FedML icon indicating copy to clipboard operation
FedML copied to clipboard

How to convert other type of data into fednlp type?

Open Luoyang144 opened this issue 2 years ago • 7 comments

Hello, I'm tryng to utilize fednlp to do some experiment which need to use other dataset as input, I tried to understand how to read example dataset but I don't know how to convert my dataset into required type. Can you give some tips or documents?

Luoyang144 avatar Jul 21 '22 10:07 Luoyang144

@Luoyang144 Hi! Thanks for asking. You can convert your custom dataset into h5 files by following fednlp/data/raw_data_loader/test/test_rawdataloader.py. Please check that file and then for making partitions please check advanced_parition folder. Please check if you can follow

MrigankRaman avatar Jul 22 '22 12:07 MrigankRaman

@zuluzazu Thanks for advice! I had check those files, but I didn't understand how to convert my dataset into uniform distribution while the example are advanced parition method. I had tried to read the parition dataset and in my view I need to restore n_client and tokenized sentence into parition file. Is this how you convert dataset? I'm not so familiar with federal learning, sorry to appear stupid and hope I didn't waste your time.

Luoyang144 avatar Jul 23 '22 07:07 Luoyang144

@Luoyang144 Could you convert the data file into h5 format? That is could you create yourdataset_data.h5 using raw_data_loader? If yes then you can create uniform using niid_label_skew.py. Uniform is nothing but label_skew with very very high alpha. Just keep alpha=10e5 and run niid_label_skew.py Please feel free to ask follow up questions.

MrigankRaman avatar Jul 23 '22 07:07 MrigankRaman

@zuluzazu Hello, thanks for your advice, I use Seq2SeqRawDataLoader class to generate h5 file with generate_h5_file function. And I guess you mean niid_label.py in this link instead of niid_label_skew.py? I am tring to generate parition_data.h5 with this code but in this file there are no task_type "sequence_to_sequence" which I need to run(sequence_to_sequence is the task type provided in niid_label.py).
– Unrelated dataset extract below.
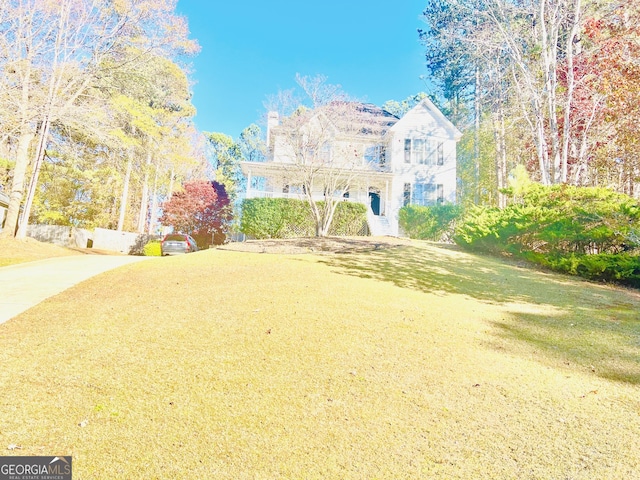 view of front facade featuring a front yard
Can you give me further advice?

Luoyang144 avatar Jul 23 '22 09:07 Luoyang144

Hello, these days I tried to use kmeans to generate a parition_data file but when run it there are still error. Can you provide some advice?

Luoyang144 avatar Jul 29 '22 08:07 Luoyang144

@Luoyang144 Please tell us your data workflow and the error log, we will follow it asap.

chaoyanghe avatar Aug 19 '22 15:08 chaoyanghe

@Luoyang144 Can you please give it one more shot using the latest FedML version?

fedml-dimitris avatar Oct 25 '23 01:10 fedml-dimitris